*EXERCISE:* Drop every picture, then transcribe the remaining data exactly.
DATASET CONTENT below:
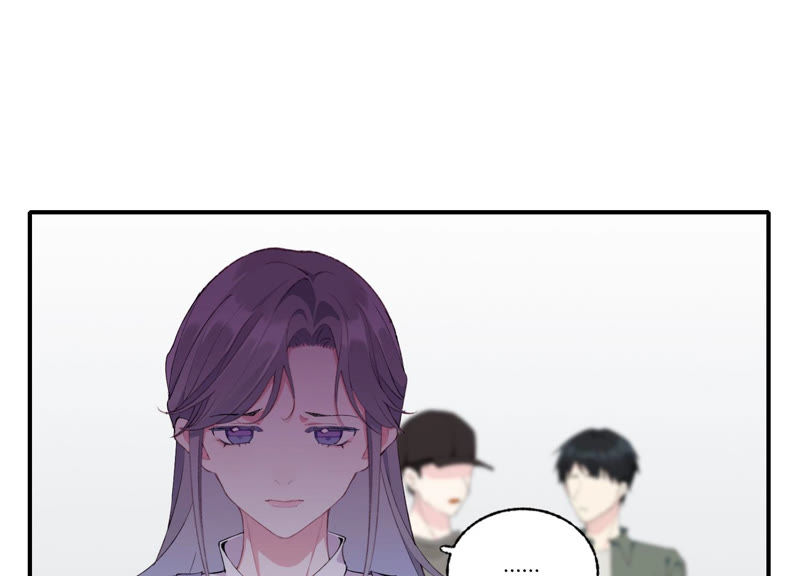 第50话 过激反应(1/2)-第50话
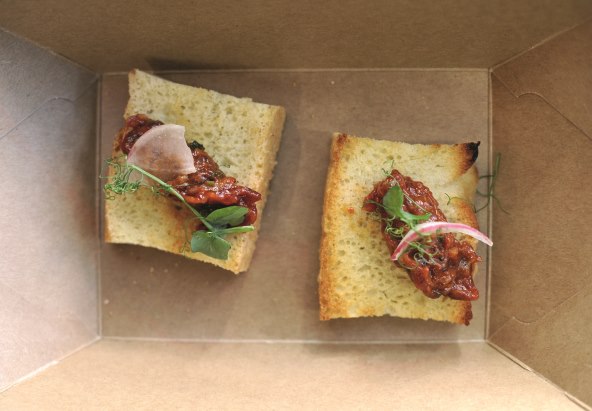 IDEALAN SPOJ Konzum slavi vino i hranu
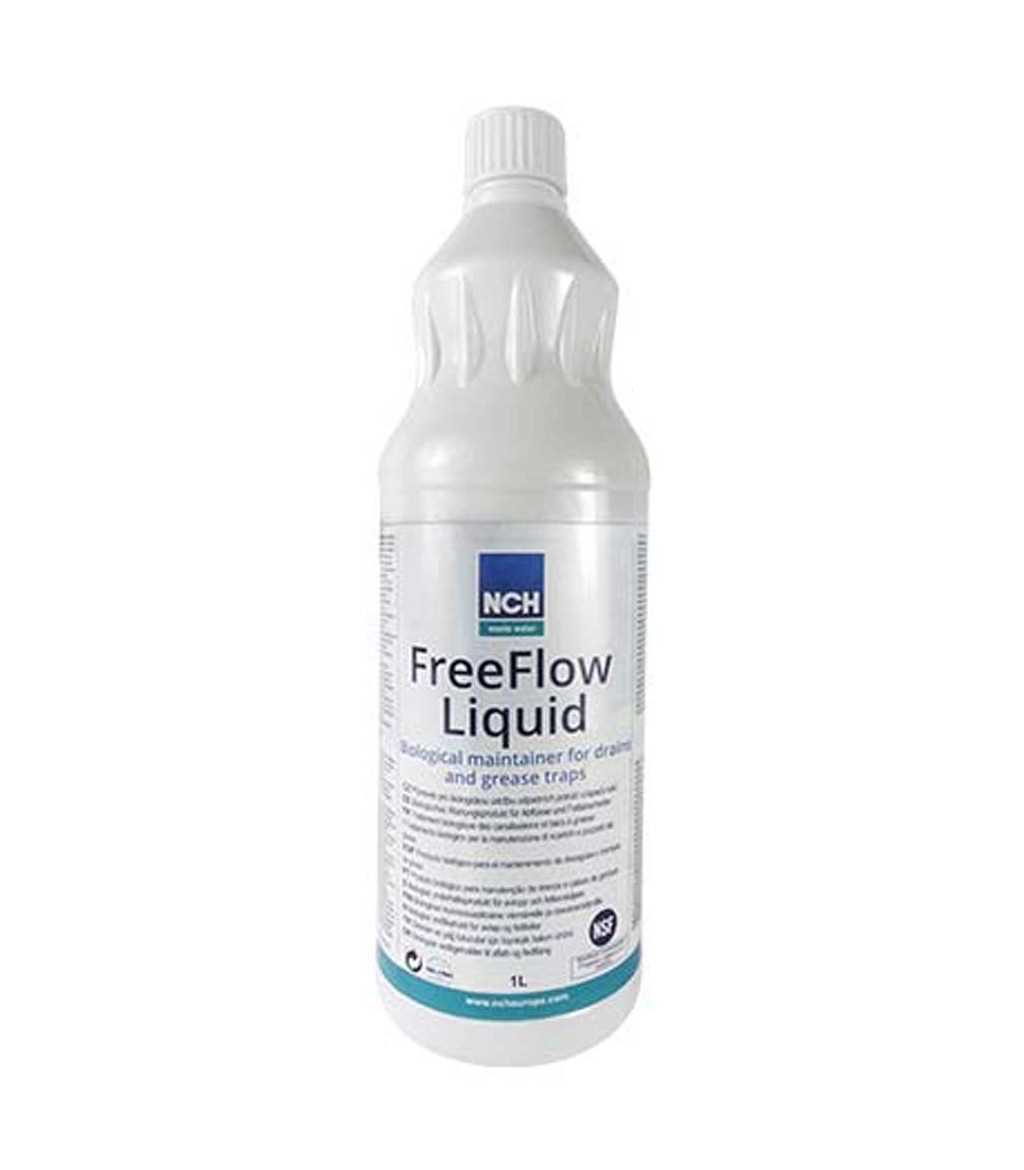 forte bio degreaser k&auml;ytt&ouml;ohje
End of DATASET CONTENT.
*WRITTEN REPLY:*
 第50话 过激反应(1/2)-第50话
 IDEALAN SPOJ Konzum slavi vino i hranu
 forte bio degreaser k&auml;ytt&ouml;ohje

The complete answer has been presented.